Jack (Philip Seymour Hoffman) works for his uncle as a limo driver, as does his best friend, Clyde (John Ortiz). Jack is a sad, quiet, shy type who isn't very social. During a New York winter, Clyde's wife, Lucy (Daphne Rubin-Vega), sets him up on a blind date with a co-worker, Connie (Amy Ryan). They hit it off, setting a date for the next summer to go boating in the park. But Jack can't swim, so he arranges for lessons with Clyde. He also learns to cook so that he can invite Connie to a dinner party. Unfortunately, everything goes wrong at the party, with Clyde and Lucy's marriage disintegrating faster than Jack and Lucy's relationship progresses.
Is it any good?
This is a refreshing drama made by and for grown-ups. Already a celebrated actor, Hoffman makes his directorial debut in this drama based upon a 2007 play by Bob Glaudini (in which Hoffman also starred). Perhaps not surprisingly, the result is more character-based than it is flashy or visual. It would almost come across as a fairly routine indie/Sundance-type movie if not for the superior acting and subtle characterization.
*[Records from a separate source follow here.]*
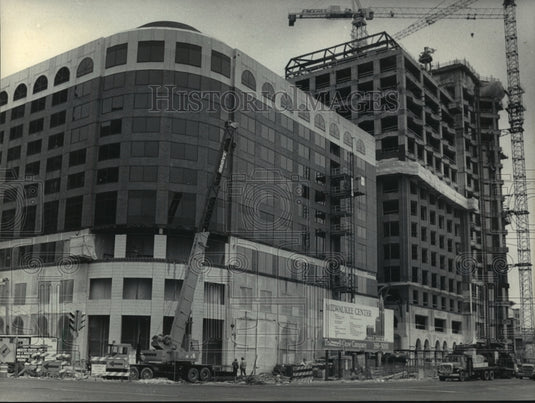 1988 Press Photo Milwaukee Center's Hotel Built With A Smooth Facade. - Historic Images
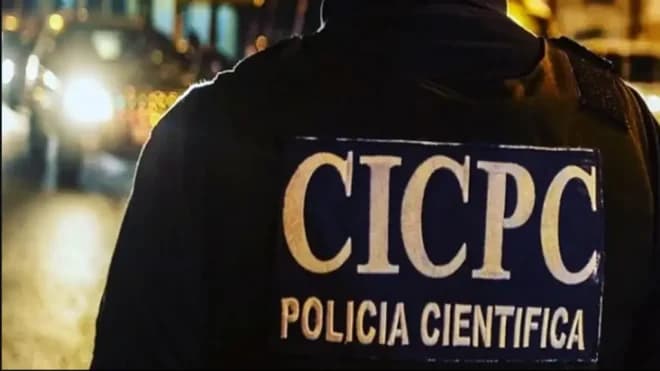 Imagen de la noticia: Reportan desaparición de dos estudiantes de primer año: no regresaron a casa después del liceo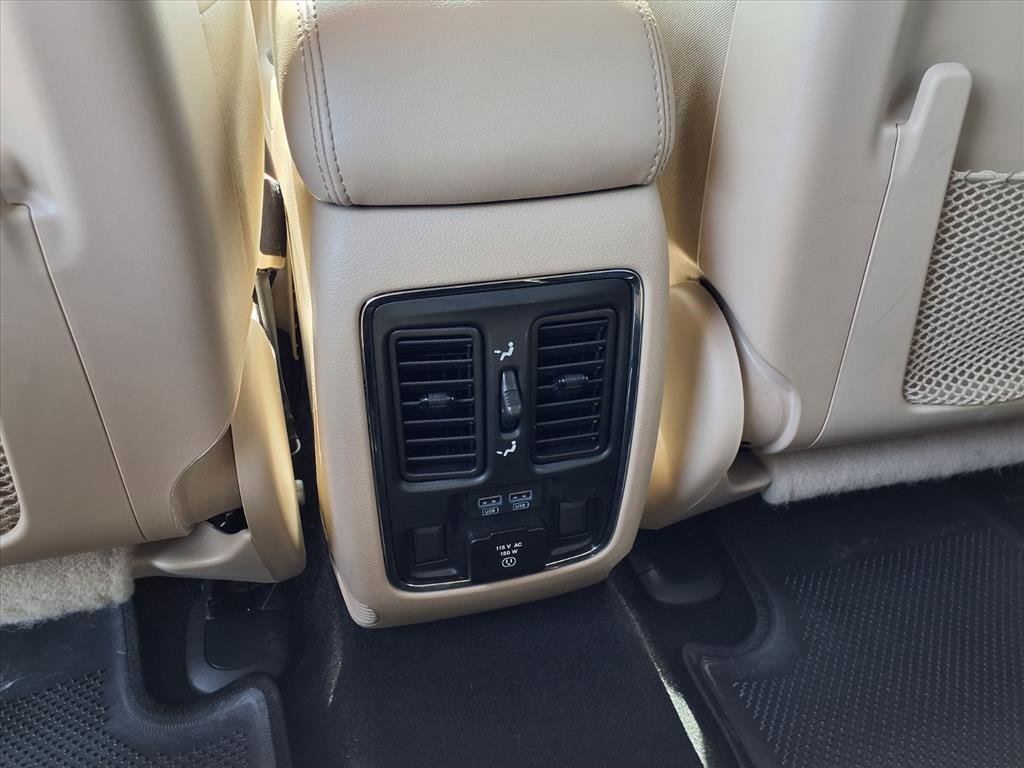 Used 2021 Jeep Grand Cherokee Limited image 15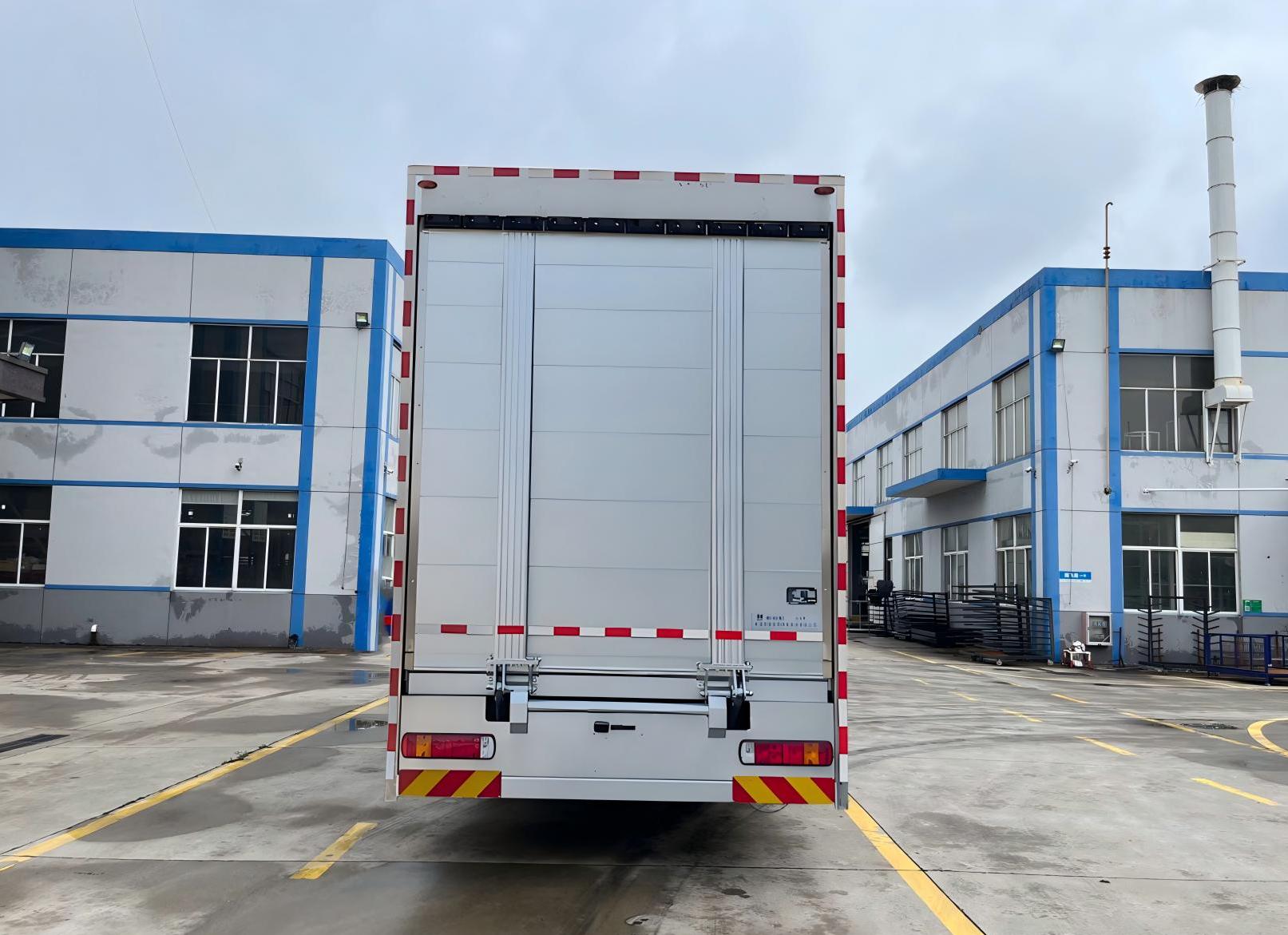 明諾牌MN5180XYMZZ運(yùn)馬車公告圖片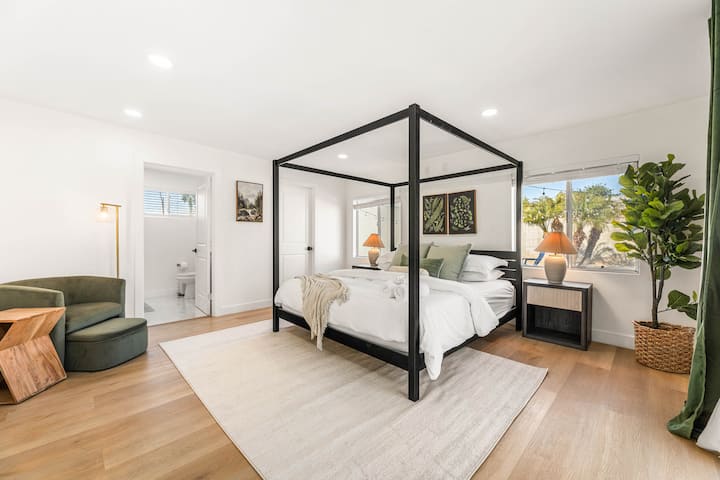 Master bedroom #2 - One King bed 
Chumba kikuu cha kulala #2 kina rangi za kijani kibichi. Tulikusudia kukuletea mazingira tulivu na ya kupumzika ili upumzike baada ya siku ndefu. 
Chukua kitabu na upumzike katika sehemu yako ya kusoma! 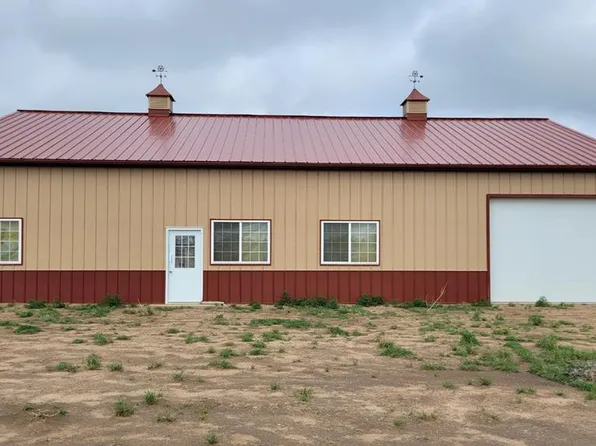 1475 28th Ln, Pueblo, CO 81006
A surface reading shows a good number of "quirky" touches -- from Jack's penchant for reggae music and his quasi-dreadlocked hair to the montage "learning" sequences to some of the staging and soundtrack choices. But Hoffman clearly feels this material, and he turns it into an intimate, emotionally rich atmosphere, with the four leads playing off of one another with great skill, comfort, and complexity; the movie is strong enough for a second reading.
Families can talk about...
Families can talk about the relationship between Jack and Connie. Are they good communicators? Do they do a good job of discussing what they want and what they're afraid of? How does this affect the way that the movie depicts sex?
Is Jack a good role model? Throughout the film, everyone seems to help him, but he's rarely able to offer any help back -- does that make him selfish? Would he help if he could?